Inhibitory effects of telmisartan, alendronate and chlorpropamide on COX activity measured by COX inhibition assays. ac The inhibition rates of telmisartan, alendronate and chlorpropamide measured by the COX fluorescent activity assays on the mouse kidney lysates. d, e The relative COX activity inhibition rates of telmisartan, chlorpropamide and alendronate on COX-1 and COX-2, measured by the COX fluorescent activity assays on the tissue extracts from both kidney d and macrophage e lysates. f The results on the competitive binding of [3H] celecoxib for different COX-2 inhibitors measured by the radioligand-based binding assays. Control: the radioactivity of the sample with [3H] celecoxib only. *: P < 0.05, **: P < 0.01, ***: P < 0.001, Newman–Keuls multiple comparison test. Here, data show the mean with the standard deviation of three independent experiments, each of which was performed with triplicates

Next, the tissue extracts from the mouse kidney and the peritoneal macrophages were used for COX selective inhibition assays. Relative inhibition of COX-1 and COX-2 activities were distinguished using SC-560, a potent and selective COX-1 inhibitor, and Dup-697, a potent and time-dependent of COX-2 inhibitor, respectively. Overall, the assays on the tissue extracts from mouse kidney showed that telmisartan and alendronate had slightly higher inhibition rates on COX-1 (68 and 64%, respectively) than COX-2 (32 and 36%, respectively), while chlorpropamide had a slightly higher inhibition rate on COX-2 (54%) than on COX-1 (46%) (Fig. 6d). Similar patterns of COX inhibition selectivity with these drugs were also observed in the peritoneal macrophages (Fig. 6e). To further evaluate the selectivity of these predicted drugs on COX-1 and COX-2, we also used the human recombinant enzyme assays to measure the levels of PGE 2 under COX-1 and COX-2 catalyzes, respectively. The assay results showed that telmisartan, alendronate and chlorpropamide had IC50 values of 41.97, 90.73 and 223.5 μM for COX-1, respectively, and 91.75, 184.1 and 151.9 μM for COX-2, respectively (Supplementary Fig. 7). Such results were also consistent with the IC50 values measured by the previous selective inhibition assays (Fig. 6d, e). These validation results were also in line with the observation that the predicted scores of these novel DTIs output by DTINet were actually not that far away (Supplementary Data 1). Overall, the above inhibition assays showed that these three drugs identified by DTINet had a certain level of inhibition affinity and may act as non-selective COX inhibitors on the family of COX proteins.

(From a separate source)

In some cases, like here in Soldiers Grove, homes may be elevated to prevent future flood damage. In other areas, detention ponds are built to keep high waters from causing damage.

To further validate the predicted DTIs, we also applied the radioactive isotope labeled with the COX-2 selective inhibitor [3H] celecoxib for the competitive binding assays. As shown in Fig. 6f, telmisartan, alendronate, chlorpropamide and DuP-697 (a standard COX-2 inhibitor) inhibited the binding of [3H] celecoxib to COX-2 by about 48.33, 40.67, 14.00 and 61.33% at their IC50 concentrations, respectively. These assay results provided another piece of evidence to confirm that these drugs may have direct interactions with the COX proteins.

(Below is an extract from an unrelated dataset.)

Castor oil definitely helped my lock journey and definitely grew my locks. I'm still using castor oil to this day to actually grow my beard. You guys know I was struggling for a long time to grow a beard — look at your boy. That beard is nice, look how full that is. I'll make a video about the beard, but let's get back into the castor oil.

The COX inhibitors have been extensively used as NSAIDs, thus we further tested the effects of the above three drugs on inflammatory responses and thus examined their potential applications in treating inflammatory diseases. Lipopolysaccharide (LPS) was used to stimulate the cultured peritoneal macrophages for the cellular inflammation model. In addition to those three drugs (i.e., telmisartan, chlorpropamide and alendronate) predicted by DTINet, we also considered the potent COX-2 inhibitor Dup-697 and the well-known NSAID ibuprofen for comparison.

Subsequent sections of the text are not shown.